Anyway, it all kicks of as his dirty little secret is uncovered. He's a dirty journo... Oh n03s!!!

It all kicks off again as the stwep-brothers mate has had another sulk and gone for another chat with the Milwall boys (thinking about it, he spends more bloody time in the film with that firm then he does his own), who decide to firebomb West Hams pub (as that happens a lot in football violence

So, the up shot of all this results in the step-brothers-big-brother (damn, that's complex) getting glassed in the throat and the 2 firms decide to sort it all out the following morning. With a bit of good old fashioned fistycuffs. All 12 of them.

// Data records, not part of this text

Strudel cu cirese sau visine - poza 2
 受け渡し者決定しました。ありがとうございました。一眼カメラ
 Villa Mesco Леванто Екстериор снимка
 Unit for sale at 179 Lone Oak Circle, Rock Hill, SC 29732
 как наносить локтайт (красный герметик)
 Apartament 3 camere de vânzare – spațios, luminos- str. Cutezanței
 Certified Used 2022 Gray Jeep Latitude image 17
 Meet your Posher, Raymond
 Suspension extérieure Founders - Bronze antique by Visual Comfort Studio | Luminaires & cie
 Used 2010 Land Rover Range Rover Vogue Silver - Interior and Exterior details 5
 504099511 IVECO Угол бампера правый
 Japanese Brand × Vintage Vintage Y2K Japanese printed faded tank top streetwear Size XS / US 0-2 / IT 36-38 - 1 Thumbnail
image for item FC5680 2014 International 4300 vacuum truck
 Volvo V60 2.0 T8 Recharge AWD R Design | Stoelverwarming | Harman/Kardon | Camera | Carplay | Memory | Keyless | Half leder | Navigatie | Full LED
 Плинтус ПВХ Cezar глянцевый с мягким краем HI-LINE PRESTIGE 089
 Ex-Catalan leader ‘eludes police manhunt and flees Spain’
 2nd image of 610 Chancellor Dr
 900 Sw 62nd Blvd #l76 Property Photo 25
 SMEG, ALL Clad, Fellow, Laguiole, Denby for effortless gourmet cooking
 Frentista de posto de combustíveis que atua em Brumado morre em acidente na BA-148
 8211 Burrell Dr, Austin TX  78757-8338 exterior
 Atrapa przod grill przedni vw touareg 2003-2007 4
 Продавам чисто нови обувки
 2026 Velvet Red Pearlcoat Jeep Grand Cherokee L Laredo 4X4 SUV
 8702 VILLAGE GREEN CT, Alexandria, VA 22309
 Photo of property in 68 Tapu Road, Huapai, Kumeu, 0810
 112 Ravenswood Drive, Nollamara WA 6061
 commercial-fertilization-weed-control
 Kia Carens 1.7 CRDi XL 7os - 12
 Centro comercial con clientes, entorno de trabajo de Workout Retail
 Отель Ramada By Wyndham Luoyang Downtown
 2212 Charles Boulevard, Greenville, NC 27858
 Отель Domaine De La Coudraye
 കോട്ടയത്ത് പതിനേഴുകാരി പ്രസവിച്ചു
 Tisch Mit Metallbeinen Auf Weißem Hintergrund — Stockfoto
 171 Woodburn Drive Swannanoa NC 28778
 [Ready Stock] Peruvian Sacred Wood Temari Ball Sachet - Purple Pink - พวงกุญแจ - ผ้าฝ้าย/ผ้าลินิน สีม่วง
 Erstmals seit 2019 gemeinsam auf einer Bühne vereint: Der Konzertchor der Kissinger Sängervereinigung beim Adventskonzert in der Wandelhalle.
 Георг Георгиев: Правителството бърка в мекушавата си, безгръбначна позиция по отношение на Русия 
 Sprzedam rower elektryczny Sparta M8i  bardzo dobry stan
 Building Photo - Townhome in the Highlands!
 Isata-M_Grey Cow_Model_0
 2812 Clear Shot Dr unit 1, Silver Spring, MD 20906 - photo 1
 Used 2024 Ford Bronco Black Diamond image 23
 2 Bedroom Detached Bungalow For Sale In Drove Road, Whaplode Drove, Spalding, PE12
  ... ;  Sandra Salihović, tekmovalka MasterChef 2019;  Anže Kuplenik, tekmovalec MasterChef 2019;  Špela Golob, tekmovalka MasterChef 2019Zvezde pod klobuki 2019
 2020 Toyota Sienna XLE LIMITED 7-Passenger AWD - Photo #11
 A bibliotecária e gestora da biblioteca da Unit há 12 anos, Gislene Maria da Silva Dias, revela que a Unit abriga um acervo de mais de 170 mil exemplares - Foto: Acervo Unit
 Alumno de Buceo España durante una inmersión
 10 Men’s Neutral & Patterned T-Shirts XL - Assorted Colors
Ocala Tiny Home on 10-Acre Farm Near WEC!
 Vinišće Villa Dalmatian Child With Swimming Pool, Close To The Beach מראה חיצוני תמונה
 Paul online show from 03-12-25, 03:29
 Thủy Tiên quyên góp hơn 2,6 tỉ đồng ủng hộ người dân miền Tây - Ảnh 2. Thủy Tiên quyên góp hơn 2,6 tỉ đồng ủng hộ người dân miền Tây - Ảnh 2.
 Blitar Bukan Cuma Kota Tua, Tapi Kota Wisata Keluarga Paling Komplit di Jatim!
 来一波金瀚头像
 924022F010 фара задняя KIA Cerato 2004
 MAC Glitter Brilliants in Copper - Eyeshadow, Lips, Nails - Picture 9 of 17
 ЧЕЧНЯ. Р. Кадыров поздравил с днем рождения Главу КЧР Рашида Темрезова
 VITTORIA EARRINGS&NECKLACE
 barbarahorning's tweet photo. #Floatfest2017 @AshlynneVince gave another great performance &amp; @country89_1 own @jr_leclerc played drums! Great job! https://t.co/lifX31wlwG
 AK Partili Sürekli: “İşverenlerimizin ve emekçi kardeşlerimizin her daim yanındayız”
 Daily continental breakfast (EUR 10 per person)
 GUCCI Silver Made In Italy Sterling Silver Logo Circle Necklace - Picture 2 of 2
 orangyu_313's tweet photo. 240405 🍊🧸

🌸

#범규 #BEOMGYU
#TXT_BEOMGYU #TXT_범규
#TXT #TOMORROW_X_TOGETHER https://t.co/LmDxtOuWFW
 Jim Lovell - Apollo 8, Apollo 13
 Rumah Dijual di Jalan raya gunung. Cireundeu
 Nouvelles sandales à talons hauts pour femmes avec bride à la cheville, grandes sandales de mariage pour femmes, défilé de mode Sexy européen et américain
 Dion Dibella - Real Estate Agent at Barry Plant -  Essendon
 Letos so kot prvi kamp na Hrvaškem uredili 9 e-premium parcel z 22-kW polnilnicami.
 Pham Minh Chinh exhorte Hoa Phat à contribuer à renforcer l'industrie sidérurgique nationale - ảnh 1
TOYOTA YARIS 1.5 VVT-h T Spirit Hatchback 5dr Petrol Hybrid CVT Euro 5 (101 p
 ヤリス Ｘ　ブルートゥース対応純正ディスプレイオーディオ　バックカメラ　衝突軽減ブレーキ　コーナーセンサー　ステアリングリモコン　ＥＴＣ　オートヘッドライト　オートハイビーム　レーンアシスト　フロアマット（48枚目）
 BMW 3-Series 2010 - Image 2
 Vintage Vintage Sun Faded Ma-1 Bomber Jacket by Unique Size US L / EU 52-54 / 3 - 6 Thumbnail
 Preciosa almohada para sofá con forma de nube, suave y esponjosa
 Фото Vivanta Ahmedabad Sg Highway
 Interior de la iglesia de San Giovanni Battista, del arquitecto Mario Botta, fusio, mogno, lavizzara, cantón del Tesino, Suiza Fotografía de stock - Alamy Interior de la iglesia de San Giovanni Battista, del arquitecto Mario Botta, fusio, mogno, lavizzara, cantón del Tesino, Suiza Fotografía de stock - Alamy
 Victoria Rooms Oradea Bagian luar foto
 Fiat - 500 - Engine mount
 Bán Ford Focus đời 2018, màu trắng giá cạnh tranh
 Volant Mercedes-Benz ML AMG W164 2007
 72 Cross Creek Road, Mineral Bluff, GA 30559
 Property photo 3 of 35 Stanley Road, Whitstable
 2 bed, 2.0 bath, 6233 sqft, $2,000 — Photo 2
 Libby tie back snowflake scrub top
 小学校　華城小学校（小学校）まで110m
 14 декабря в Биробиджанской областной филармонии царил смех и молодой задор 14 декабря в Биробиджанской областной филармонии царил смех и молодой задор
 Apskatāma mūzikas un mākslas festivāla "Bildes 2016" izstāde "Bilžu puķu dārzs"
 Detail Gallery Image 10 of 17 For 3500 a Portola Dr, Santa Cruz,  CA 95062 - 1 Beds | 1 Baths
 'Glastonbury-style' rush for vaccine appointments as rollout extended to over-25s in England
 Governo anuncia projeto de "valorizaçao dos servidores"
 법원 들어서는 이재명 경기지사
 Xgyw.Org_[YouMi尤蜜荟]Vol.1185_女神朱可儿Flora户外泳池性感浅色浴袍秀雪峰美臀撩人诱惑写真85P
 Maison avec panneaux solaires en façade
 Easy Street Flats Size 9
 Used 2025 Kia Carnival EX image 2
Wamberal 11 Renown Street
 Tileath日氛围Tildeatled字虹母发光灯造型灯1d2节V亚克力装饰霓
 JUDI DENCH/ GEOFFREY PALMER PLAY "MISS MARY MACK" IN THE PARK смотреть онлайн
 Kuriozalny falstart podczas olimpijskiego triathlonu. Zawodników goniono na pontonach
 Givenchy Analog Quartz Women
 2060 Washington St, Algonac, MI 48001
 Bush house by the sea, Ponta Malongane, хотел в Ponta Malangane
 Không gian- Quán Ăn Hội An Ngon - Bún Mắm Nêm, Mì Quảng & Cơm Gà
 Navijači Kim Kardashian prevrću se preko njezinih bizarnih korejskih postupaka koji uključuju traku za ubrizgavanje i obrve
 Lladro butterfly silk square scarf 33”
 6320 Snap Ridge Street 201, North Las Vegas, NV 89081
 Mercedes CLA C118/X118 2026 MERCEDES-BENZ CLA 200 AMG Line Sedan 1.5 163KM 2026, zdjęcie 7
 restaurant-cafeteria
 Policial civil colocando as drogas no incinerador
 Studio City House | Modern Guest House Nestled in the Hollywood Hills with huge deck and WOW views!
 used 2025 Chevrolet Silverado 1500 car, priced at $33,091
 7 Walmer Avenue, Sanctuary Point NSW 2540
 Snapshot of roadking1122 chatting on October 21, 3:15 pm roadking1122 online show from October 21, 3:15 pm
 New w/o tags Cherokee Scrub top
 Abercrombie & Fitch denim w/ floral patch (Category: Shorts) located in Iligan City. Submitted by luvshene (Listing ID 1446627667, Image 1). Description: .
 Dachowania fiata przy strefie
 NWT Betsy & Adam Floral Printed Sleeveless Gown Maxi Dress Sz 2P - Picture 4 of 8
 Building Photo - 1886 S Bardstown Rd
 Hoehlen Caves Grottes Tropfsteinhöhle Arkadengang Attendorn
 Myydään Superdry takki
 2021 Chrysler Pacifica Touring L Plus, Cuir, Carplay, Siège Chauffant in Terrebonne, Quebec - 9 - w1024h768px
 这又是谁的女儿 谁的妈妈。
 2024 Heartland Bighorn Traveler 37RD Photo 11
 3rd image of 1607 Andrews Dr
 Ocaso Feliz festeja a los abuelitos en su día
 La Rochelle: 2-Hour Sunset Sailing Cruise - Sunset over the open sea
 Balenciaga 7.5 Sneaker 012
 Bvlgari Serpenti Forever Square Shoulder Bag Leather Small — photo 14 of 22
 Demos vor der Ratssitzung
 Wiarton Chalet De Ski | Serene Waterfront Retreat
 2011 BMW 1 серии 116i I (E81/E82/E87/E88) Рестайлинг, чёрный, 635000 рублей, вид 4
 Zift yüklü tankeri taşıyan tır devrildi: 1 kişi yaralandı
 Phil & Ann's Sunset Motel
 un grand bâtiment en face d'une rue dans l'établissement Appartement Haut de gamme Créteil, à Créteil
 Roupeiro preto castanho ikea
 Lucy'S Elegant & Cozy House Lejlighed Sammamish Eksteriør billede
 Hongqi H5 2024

Anyway, not to spoil the predictable Hollywood ending (complete with it's morals) for anyone, why does a film about football violence need a three layered story? Who the **** cares about character development in a film like this? People watch it for one thing; Violence. Pure and unadulterated.

And because all of Green Streets fight scenes gave these glossy camera effects, Football Factorys dirty, realistic brawls win that hands down.

All in all, Football Factory ****** on Green Street from a great height.

both of the are poor in respect to this genre of film, if you want to see a really good film on this then look no farther that a film called ID[/b]

And ID does indeed **** all over Football Factory, although it represents the violence of the 80's more then today.

Green Street is just there for little kids to say "oooh, it's got Frodo and that bloke of the telly. Wow, their hard". Because it understands football and football culture about as well as I understand Latin surrealist poetry.
I haven't seen Green Street but I liked the Football Factory, even though the book of it is much better.